Bersyukur dengan Melihat ke Bawah

Diposting oleh Unknown on Sabtu, 05 Maret 2011


Nabi Muhammad SAW bersabda: undzuruu ilaa man huwa asfala minkum, walaa tandzuruu ilaa man huwa fauqokum – lihatlah kepada yang lebih rendah dari kamu sekalian, dan jangan melihat kepada yang lebih atas dari kamu sekalian.

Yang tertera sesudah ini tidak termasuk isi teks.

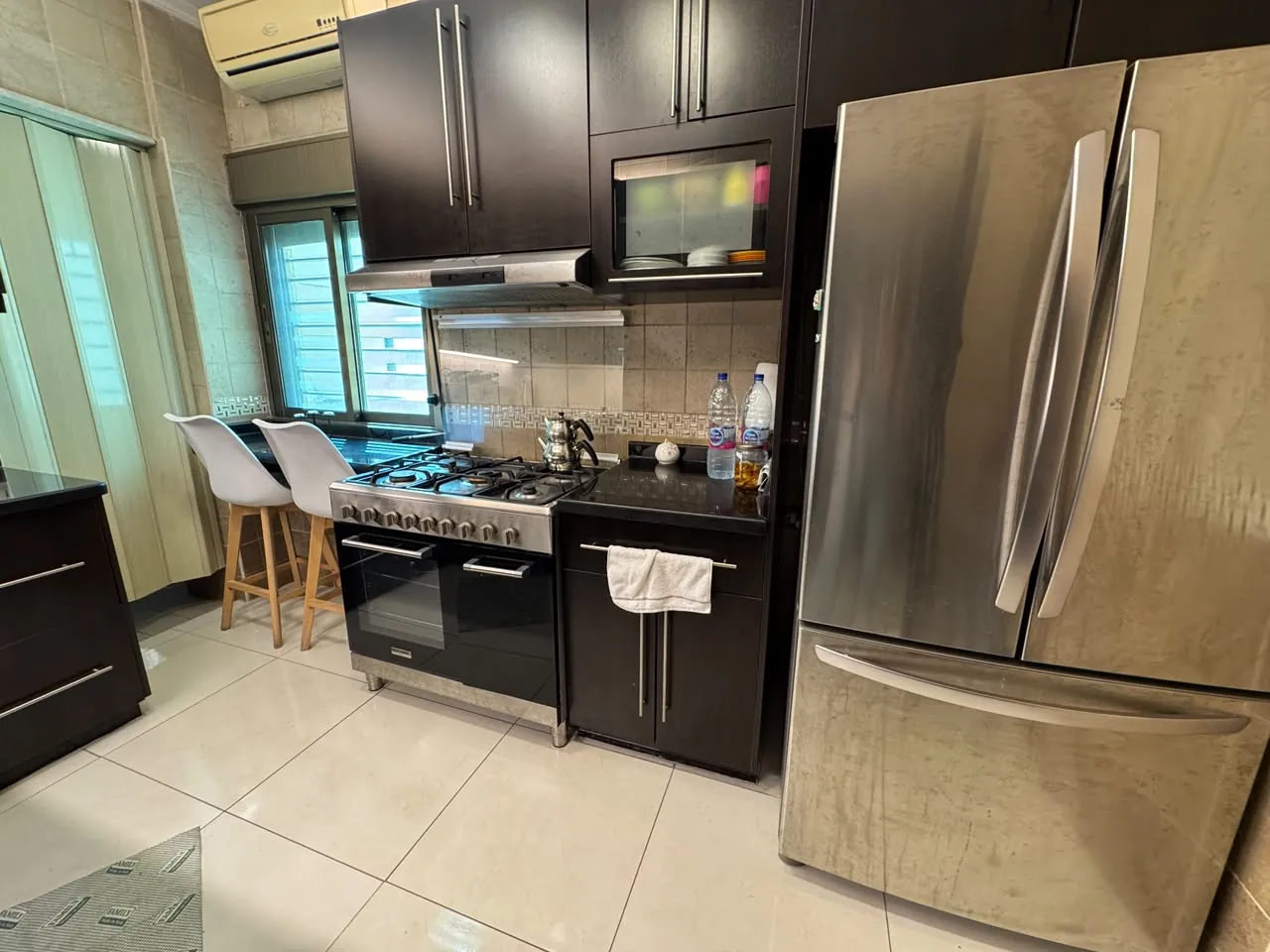 Renovated & Furnished 3-Bedroom Apartment For Sale in Burj Abi Haidar, Beirut — الصورة 9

Inilah cara syukur yang paling sulit: Hatwah, kependekan dari “melihatlah ke bawah”. Jangan melihat dan membandingkan dengan orang yang di atas dalam hal dunia.

Sering mendengar kalimat-kalimat seperti berikut dibawah ini?
• “Tetangga sebelah sudah renovasi rumah, sedangkan kita? Atap bocor pun belum ditambal-tambal”.
• “Teman Bapak mobilnya sudah Mercy, sedangkan Bapak? Baru Kijang. Sudah belinya kredit, second-hand pula”
• “Teman Ibu resepsi anaknya di hotel berbintang 5, sedangkan aku? Selamatannya saja numpang sekalian di kantor KUA”

Itulah kalimat-kalimat yang sering terdengar, yang tanpa sadar melanggar perintah Nabi tersebut diatas.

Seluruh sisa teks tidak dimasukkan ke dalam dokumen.